The painting stages a small narrative—two seated women and a man seen from behind leading the donkey—relatively rare within the PR2 corpus, otherwise dominated by landscapes and isolated figures. The work marks a milestone: the artist orchestrates a moving group and seeks a balance between narrative and formal construction.
Formal / stylistic description
The composition is strongly segmented into coloured planes (red, green, violet, yellow), with a solar atmosphere filtered through red and ochre dominants. The animal mass and the cart’s boards structure the centre, while broad diagonals organise the movement.

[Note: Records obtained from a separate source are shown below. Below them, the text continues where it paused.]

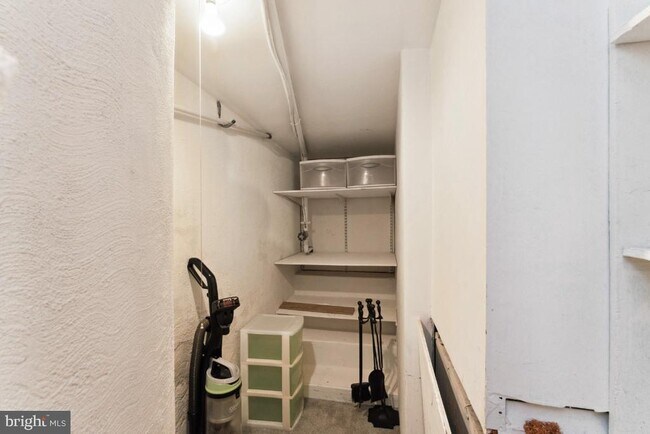 Building Photo - 902 D St SE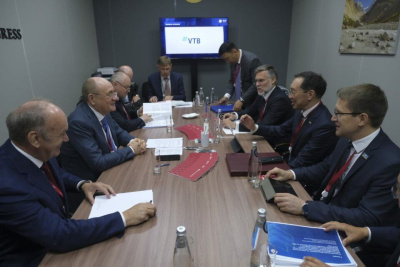 Развитие газоснабжения в республике обсудили власти Якутии и "Газпром" на ПМЭФ /    Республика Саха (Якутия)
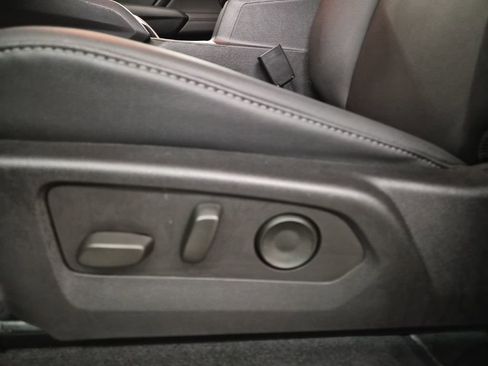 Used 2024 Chevrolet Colorado LT w/ LT Convenience Package III image 13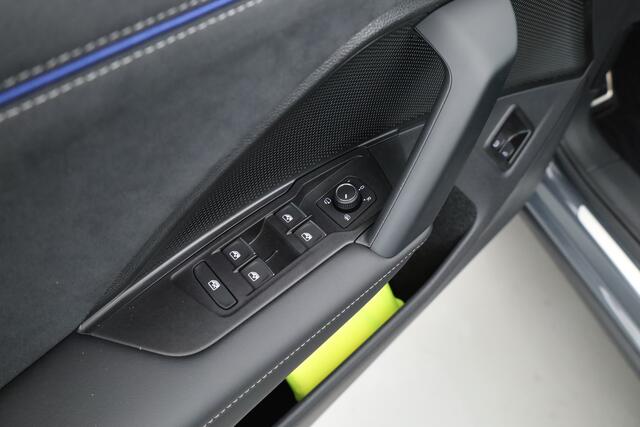 Volkswagen Tayron 1.5 eHybrid R-Line 272pk | Pano | Massage | Adapt. Cruise | Apple CarPlay | Stoel- Stuurverw. | 20''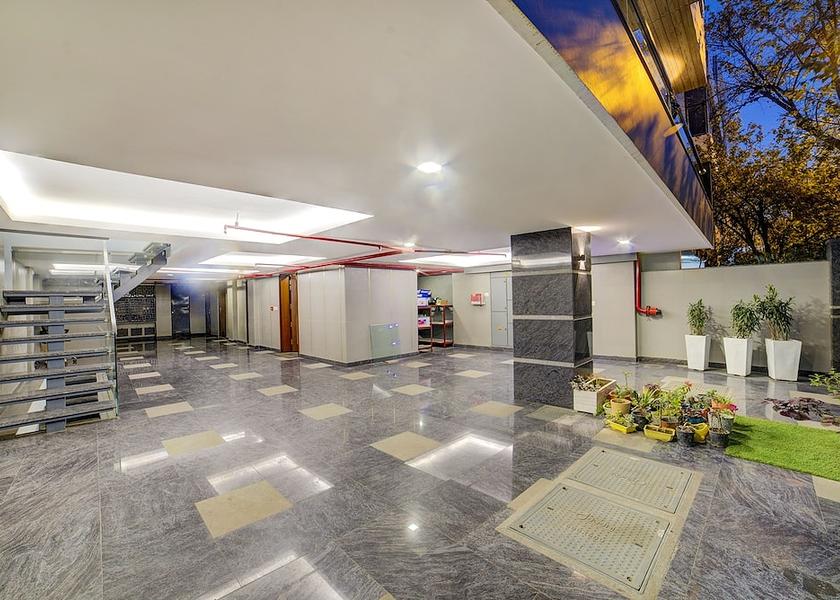 Delhi Delhi Lobby
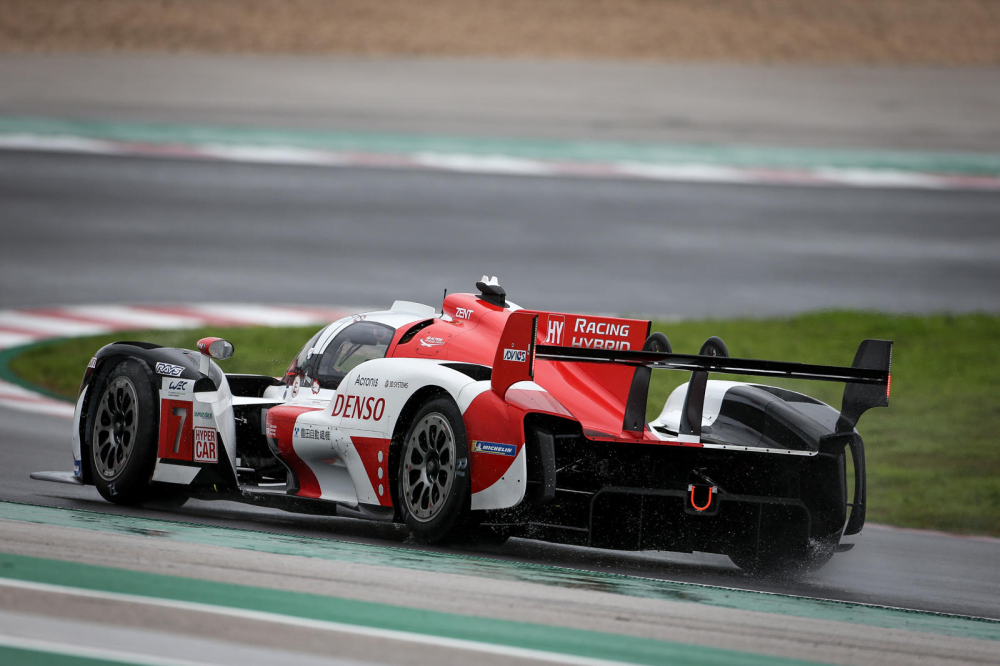 Ph&iacute;a sau của xe đua GR010 Hybrid Le Mans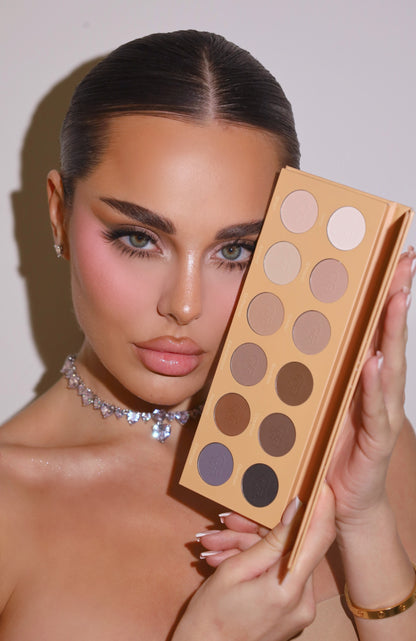 Smokey eyeshadow palette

Space is deliberately compressed: foreground and background draw closer, increasing the scene’s density. A large chromatic arc (sky and the mountainous background) envelops the figures in a circular motion. The seated woman at right, in black, takes on a particular monumentality within the 1950 corpus.
Comparative analysis / related works
The work is closely linked to PR2-1950-006/007 through the segmented treatment of figures, and to PR2-1950-012/013 (Olive Harvests) through its rural theme and group dynamics.
Indirectly, its composite monumentality evokes certain formal ambitions of the Christ on the Cross (PR1, 1950). Within PR2, The Cart acts as a pivot: a human group structured like a cubist landscape.
Justification of dating and attribution
The degree of segmentation and the mastery of group dynamics suggest a work made after the women with headscarf (PR2-1950-006/007) and contemporaneous with the Olive Harvests (mid to late 1950).
The mention of a title and date on the back (as reported in the documentation) supports this proposal. The formal characteristics align with Breuillaud’s 1950 research and confirm attribution.
Provenance / exhibitions / publications
Public sale Blanchet (Paris), 11 October 2010. Private collection.